Copy each line of the entries that includes the word "grass".

Dataset entries
◇ ◇ ◇ ◇ ◇ ◇ ◇

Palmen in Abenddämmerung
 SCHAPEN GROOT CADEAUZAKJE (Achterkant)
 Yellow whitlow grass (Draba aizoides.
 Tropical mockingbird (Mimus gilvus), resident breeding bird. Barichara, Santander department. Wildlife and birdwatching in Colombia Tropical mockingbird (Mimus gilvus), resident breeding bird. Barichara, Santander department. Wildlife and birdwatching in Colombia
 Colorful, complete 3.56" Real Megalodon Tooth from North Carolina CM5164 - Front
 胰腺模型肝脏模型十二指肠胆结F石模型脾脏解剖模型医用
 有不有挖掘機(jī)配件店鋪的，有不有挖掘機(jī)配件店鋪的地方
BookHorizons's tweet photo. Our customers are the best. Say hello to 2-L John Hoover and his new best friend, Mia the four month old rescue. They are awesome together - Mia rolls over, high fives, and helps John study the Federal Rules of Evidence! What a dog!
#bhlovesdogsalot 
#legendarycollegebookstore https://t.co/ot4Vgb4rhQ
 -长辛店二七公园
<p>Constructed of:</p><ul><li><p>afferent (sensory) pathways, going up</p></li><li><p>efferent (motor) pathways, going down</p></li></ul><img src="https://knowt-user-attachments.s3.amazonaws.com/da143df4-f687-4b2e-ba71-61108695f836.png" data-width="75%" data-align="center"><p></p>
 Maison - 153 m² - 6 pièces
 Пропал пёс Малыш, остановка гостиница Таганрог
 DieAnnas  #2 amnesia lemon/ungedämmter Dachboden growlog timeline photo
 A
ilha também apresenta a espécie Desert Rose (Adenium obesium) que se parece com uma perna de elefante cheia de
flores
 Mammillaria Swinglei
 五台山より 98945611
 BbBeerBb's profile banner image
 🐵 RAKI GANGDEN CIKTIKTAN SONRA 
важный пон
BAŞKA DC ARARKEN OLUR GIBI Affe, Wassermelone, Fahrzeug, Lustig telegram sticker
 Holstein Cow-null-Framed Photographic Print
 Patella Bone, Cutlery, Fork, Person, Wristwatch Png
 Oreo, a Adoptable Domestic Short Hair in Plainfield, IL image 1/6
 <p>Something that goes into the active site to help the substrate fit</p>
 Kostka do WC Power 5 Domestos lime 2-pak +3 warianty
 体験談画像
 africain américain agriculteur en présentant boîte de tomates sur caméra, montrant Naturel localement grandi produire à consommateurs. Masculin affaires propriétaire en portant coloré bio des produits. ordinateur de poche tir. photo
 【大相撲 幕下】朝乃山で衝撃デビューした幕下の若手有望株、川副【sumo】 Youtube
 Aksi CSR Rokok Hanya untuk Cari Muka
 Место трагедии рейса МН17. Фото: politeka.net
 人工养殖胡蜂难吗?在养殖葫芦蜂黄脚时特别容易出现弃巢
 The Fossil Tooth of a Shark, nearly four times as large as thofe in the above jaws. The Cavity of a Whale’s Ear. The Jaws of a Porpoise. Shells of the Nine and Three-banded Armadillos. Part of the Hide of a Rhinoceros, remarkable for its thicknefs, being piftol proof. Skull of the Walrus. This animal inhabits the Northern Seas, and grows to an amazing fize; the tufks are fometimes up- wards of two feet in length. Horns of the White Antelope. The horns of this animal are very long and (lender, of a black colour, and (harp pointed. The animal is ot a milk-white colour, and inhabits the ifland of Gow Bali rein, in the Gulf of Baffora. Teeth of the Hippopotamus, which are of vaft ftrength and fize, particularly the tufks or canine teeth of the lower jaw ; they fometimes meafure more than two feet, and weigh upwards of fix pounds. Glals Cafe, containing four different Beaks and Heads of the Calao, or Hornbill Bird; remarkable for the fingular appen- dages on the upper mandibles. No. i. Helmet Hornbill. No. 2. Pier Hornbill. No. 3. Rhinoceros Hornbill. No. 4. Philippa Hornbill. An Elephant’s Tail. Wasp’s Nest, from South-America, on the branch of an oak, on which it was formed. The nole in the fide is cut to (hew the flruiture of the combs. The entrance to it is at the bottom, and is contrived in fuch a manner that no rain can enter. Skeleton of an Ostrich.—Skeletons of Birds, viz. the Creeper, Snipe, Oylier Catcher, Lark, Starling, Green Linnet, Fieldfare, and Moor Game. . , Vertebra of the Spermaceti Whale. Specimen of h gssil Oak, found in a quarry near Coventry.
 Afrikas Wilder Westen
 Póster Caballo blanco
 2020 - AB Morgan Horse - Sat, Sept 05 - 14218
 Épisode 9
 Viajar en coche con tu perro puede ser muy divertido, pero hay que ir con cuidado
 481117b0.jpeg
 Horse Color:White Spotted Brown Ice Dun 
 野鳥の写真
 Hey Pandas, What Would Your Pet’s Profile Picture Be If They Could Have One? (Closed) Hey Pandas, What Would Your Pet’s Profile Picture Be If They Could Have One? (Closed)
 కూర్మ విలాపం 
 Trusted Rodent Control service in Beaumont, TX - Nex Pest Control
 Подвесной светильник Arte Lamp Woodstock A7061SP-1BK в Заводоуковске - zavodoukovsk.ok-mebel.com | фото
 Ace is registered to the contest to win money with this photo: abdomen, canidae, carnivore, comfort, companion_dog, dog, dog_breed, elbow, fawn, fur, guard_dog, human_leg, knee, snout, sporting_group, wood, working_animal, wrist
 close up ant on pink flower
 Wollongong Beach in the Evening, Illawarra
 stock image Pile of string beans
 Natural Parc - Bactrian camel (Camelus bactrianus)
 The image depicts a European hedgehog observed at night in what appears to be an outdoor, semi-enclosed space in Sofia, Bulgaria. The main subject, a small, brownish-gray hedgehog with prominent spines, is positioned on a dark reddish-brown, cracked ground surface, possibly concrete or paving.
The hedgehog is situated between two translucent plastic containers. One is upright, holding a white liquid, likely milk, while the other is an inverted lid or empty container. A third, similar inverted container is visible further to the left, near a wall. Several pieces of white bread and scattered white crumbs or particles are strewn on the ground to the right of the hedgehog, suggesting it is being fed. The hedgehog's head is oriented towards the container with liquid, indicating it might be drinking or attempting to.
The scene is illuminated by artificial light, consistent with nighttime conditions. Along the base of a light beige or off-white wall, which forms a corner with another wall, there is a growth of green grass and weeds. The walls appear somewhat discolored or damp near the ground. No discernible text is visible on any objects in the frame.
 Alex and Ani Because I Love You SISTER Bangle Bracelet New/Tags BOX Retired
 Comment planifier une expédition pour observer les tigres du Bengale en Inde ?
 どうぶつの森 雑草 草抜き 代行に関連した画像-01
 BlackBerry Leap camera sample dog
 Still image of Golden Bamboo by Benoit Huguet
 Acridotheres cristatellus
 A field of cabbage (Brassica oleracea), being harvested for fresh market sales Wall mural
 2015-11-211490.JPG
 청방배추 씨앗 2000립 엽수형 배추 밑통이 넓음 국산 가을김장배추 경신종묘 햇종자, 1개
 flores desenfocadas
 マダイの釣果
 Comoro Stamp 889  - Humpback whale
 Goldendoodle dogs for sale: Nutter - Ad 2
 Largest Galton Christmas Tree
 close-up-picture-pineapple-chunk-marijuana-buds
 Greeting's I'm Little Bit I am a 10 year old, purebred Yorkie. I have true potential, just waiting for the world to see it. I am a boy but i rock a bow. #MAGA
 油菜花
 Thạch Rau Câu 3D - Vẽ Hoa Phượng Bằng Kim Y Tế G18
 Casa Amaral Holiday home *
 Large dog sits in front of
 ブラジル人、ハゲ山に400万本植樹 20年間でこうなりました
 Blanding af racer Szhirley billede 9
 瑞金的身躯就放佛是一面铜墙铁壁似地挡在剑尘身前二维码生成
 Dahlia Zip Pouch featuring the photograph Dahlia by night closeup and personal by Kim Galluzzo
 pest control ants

◇ ◇ ◇ ◇ ◇ ◇ ◇

SOLUTION BELOW
 Yellow whitlow grass (Draba aizoides.
The scene is illuminated by artificial light, consistent with nighttime conditions. Along the base of a light beige or off-white wall, which forms a corner with another wall, there is a growth of green grass and weeds. The walls appear somewhat discolored or damp near the ground. No discernible text is visible on any objects in the frame.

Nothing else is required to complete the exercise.